The Frankopan Castle, located in the small port township of Kraljevica, has emerged as a significant cultural and artistic hub, fostering international collaborations and art exchanges. Its cutting-edge art programs explore themes of cultural diversity and the transdisciplinary collaborative production of art events, as exemplified by the 3RD-SPC./RP project.
The question of who constitutes the public in these projects remains a subject of ongoing debate. Is it solely the art world, or does the broader local community relate to these initiatives? What is their role and impact, if any? This panel will therefore focus on the potential of participatory art practices in fostering community engagement through collaborative processes. The project proposal if walls could tell, aims to initiate the co-creation of artwork by the citizens themselves, with the artist providing only blank white walls, placed in public space, to invite their expression.

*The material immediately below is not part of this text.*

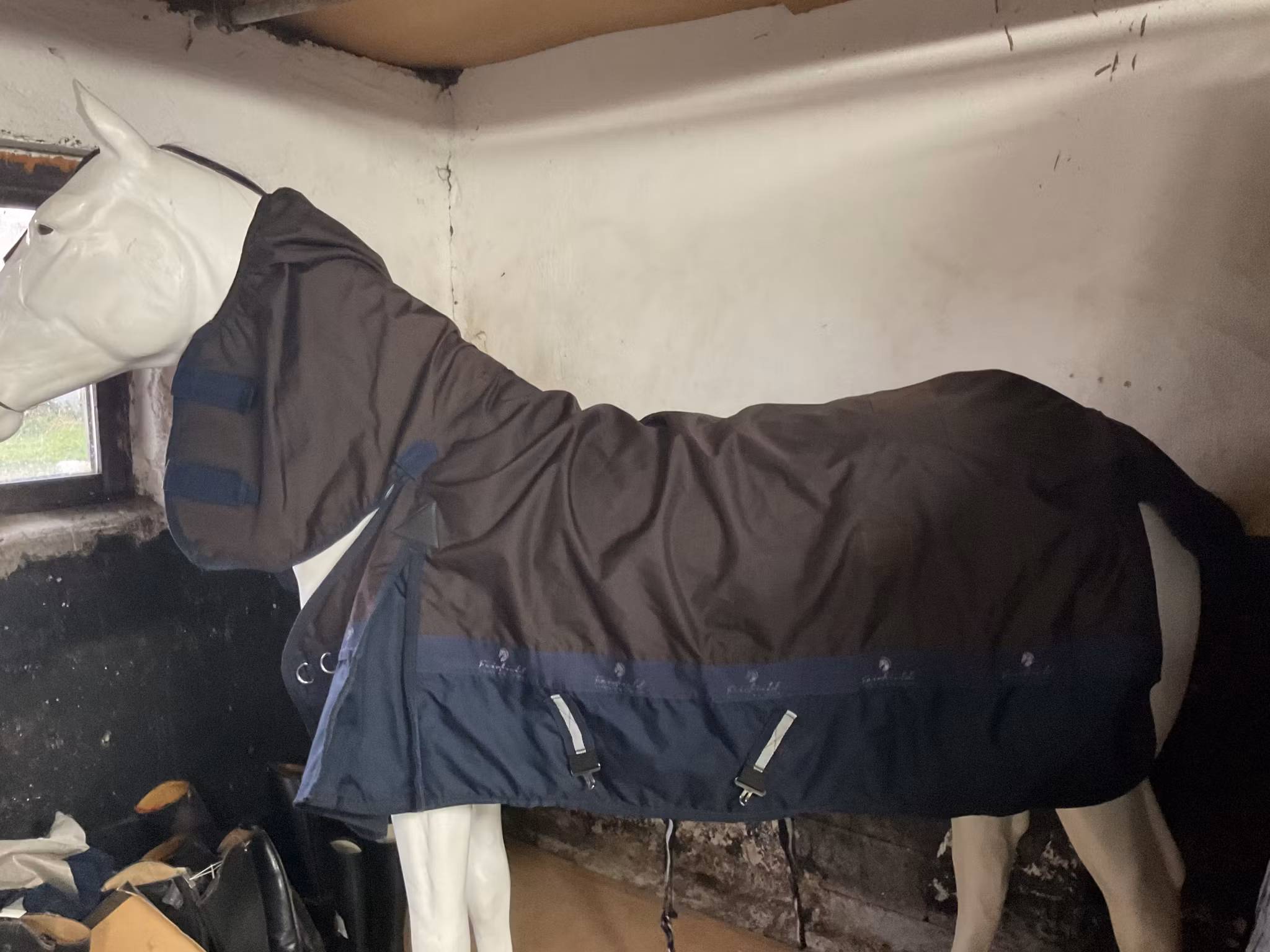 Fairfield regntäcke 115 cm,brun/blått med fast hals
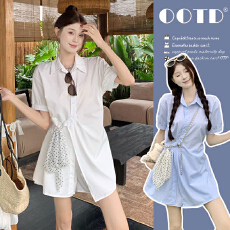 批发有货  夏装新款设计感短袖衬衫短裤<b class='q'>休闲</b>孕妇两件套装夏季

The project intends to test the assumption that such collective creative processes empower participants, transforming them from passive consumers of art into active co-authors of shared experiences. The central theoretical framework of this discussion will be the concept of commoning space. In this context, the term commoning carries a more nuanced discursive meaning than the traditional theory of the commons. It offers the potential for creating shared spaces in which participation in the creative process can establish new social relations among diverse local groups, thereby "repairing" the broken bonds of what Jean-Luc Nancy has termed the "inoperative community."
– by Zoran Erić

Kraljevica is a small coastal town in the Primorje-Gorski Kotar County of Croatia, situated on the Kvarner Bay between the mainland and the island of Krk. Its history as a port and fishing community stretches back to the medieval period, and from the twelfth to the seventeenth century it was part of the territory controlled by the Croatian noble families Frankopan and Zrinski, who built two castles in the town, both of which survive. The Frankopan family in particular left an extensive heritage of castles and sacred buildings across the Kvarner region. After the execution of the last Frankopan and Zrinski leaders in Vienna in 1671 for conspiracy against Habsburg rule, the town continued as a maritime community, and its historic shipyard is among the oldest on the Adriatic. In the twentieth century Kraljevica, like much of coastal Croatia, developed a tourism economy alongside its traditional fishing and maritime industries.
In recent years, the restored Frankopan Castle has become the first station on the cultural route "The Routes of the Frankopans" and has also emerged as a venue for contemporary art programming and international collaboration through the 3RD-SPC./RP project. The 3RD-SPC./RP project raises questions that are central to this catalogue's broader concerns: who constitutes the public for artistic projects in a small community with a specific local identity, and how does participatory art engage residents beyond the networks of the art world? The project *if walls could tell* proposes to address this directly by offering blank white walls in public space as a surface for collective citizen expression, using the concept of commoning space to explore whether participatory creative processes can establish new social relations and repair community bonds in a context shaped by seasonal tourism, postindustrial transition, and a deep but not always visible historical heritage.